Problem requirements:
Nothing but the lines below between the line holding "<strong>Memphis Grizzlies center" and the line holding "Paperback copy of", inclusive, should appear in the answer, each set down exactly.

Available data:
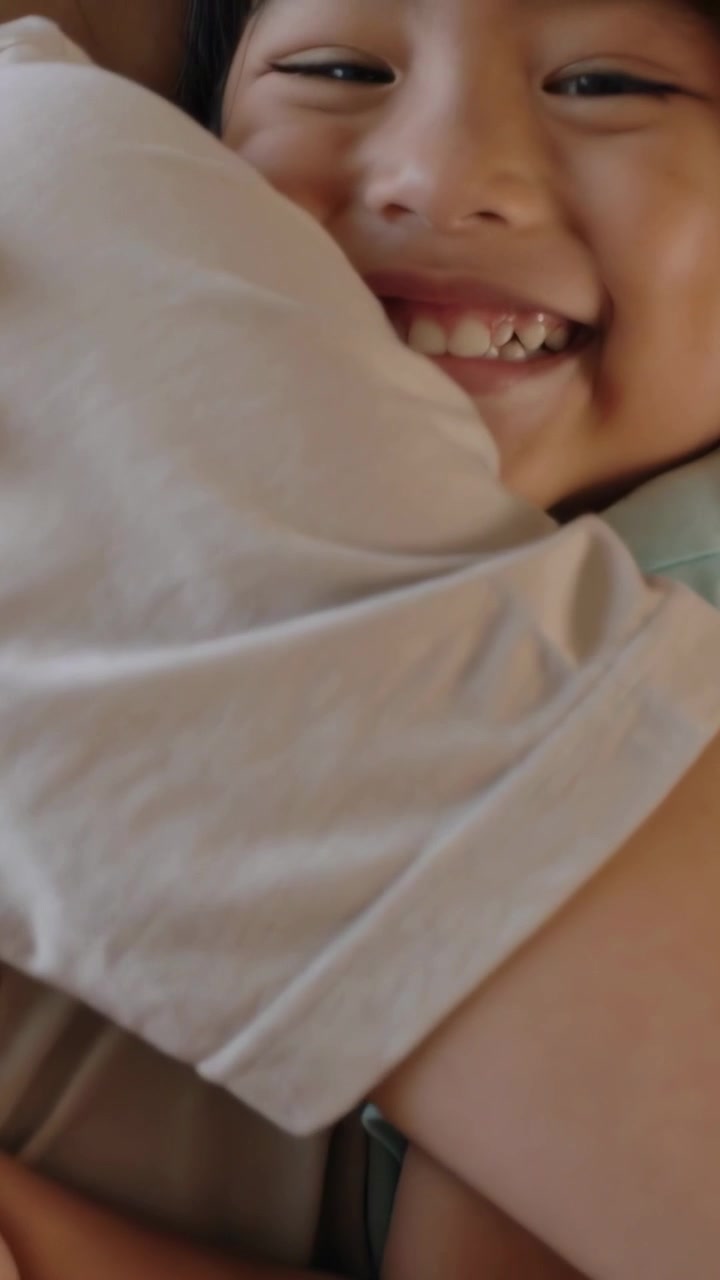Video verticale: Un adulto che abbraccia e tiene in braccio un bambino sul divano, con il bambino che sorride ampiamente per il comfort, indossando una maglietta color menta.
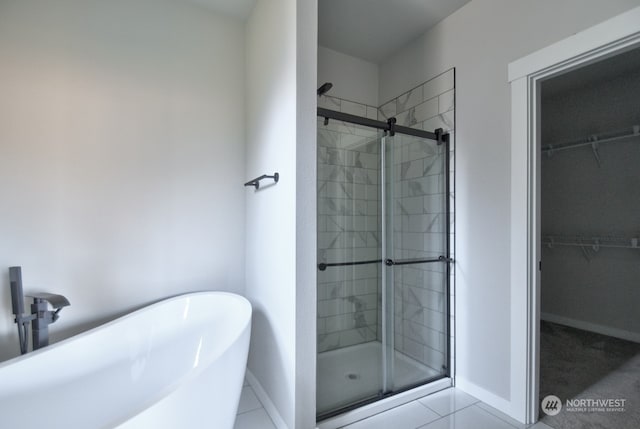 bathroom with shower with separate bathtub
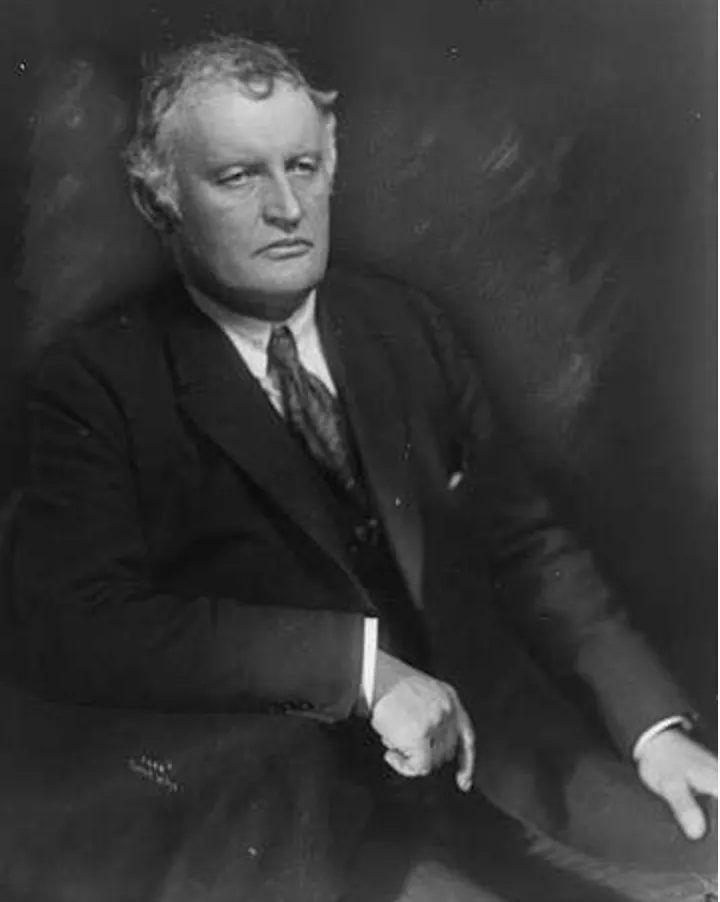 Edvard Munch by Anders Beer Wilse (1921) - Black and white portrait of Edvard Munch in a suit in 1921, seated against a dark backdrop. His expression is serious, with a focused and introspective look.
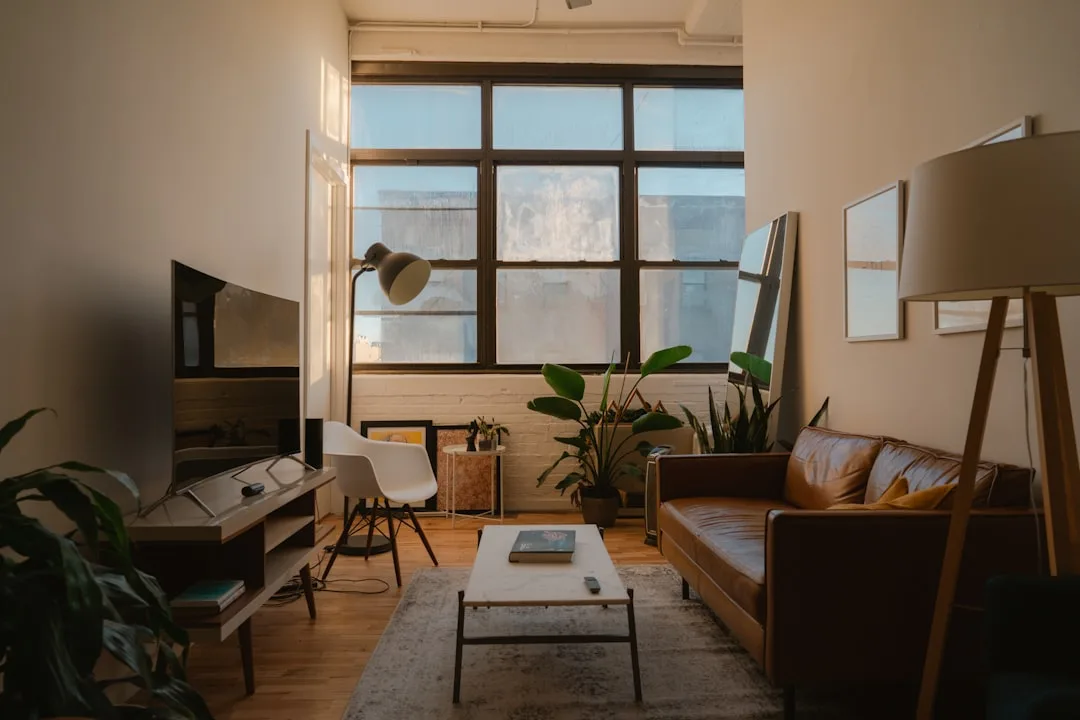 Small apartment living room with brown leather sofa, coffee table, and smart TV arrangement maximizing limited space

...

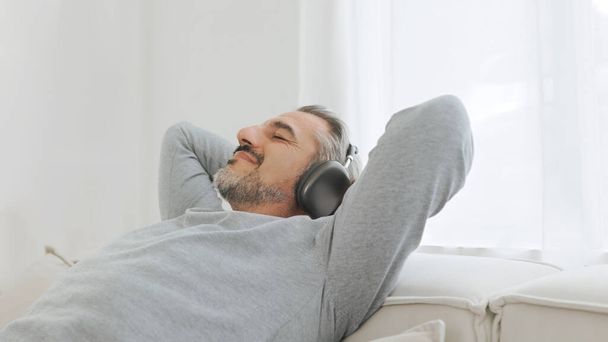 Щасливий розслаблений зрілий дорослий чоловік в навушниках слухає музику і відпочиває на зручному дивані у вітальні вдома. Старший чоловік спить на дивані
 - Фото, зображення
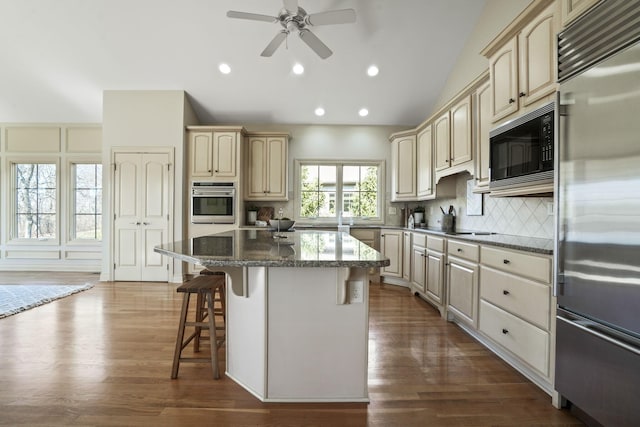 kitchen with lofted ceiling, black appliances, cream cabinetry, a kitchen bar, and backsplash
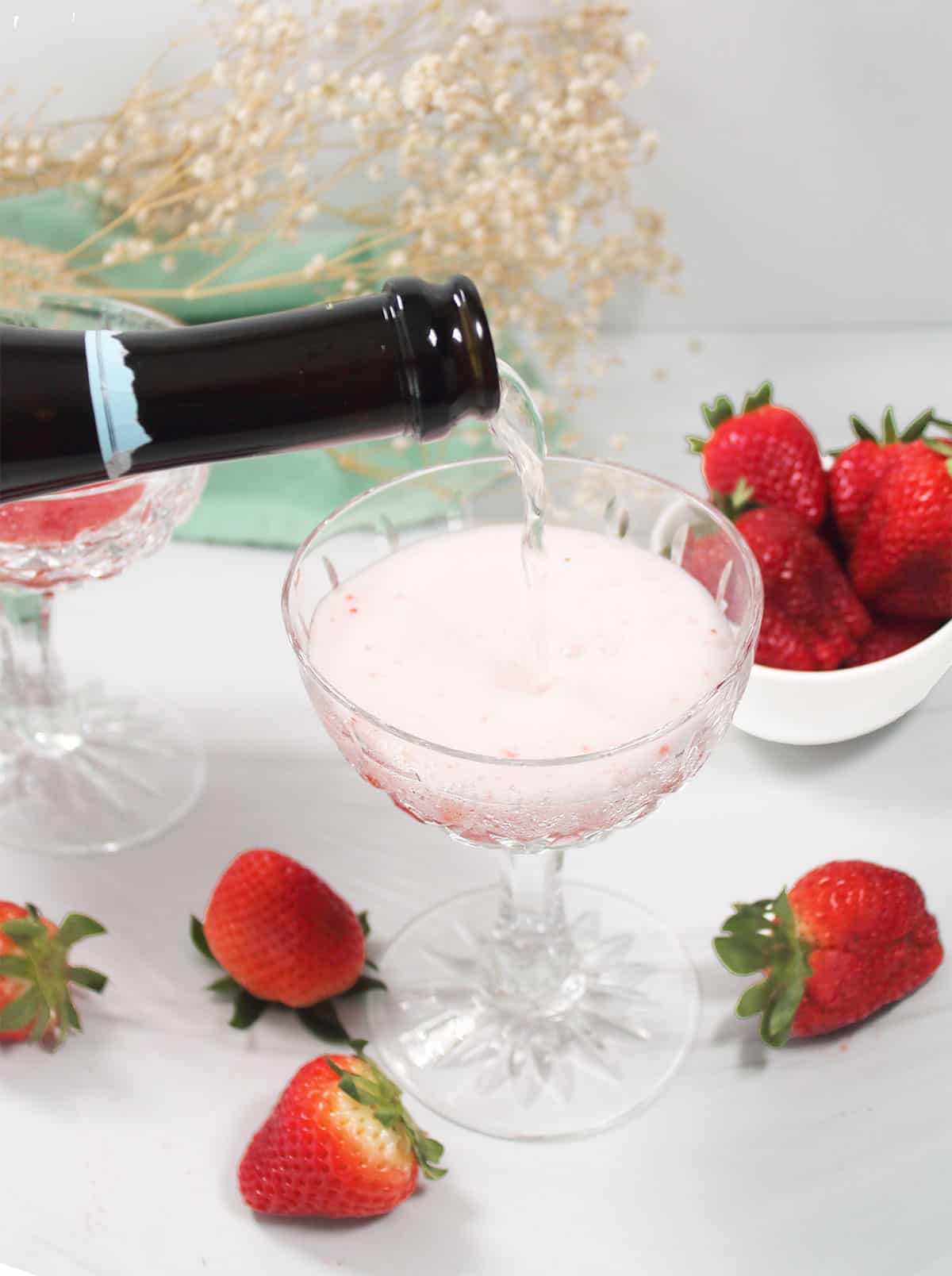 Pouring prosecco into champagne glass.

* * *

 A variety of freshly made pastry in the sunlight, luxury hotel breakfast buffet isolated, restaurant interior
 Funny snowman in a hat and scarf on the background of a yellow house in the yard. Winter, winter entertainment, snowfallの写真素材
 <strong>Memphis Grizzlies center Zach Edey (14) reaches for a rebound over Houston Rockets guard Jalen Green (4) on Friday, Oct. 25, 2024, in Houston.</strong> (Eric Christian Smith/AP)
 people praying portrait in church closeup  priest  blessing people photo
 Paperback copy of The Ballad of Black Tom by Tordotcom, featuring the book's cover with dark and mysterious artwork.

Response to the exercise:
 <strong>Memphis Grizzlies center Zach Edey (14) reaches for a rebound over Houston Rockets guard Jalen Green (4) on Friday, Oct. 25, 2024, in Houston.</strong> (Eric Christian Smith/AP)
 people praying portrait in church closeup  priest  blessing people photo
 Paperback copy of The Ballad of Black Tom by Tordotcom, featuring the book's cover with dark and mysterious artwork.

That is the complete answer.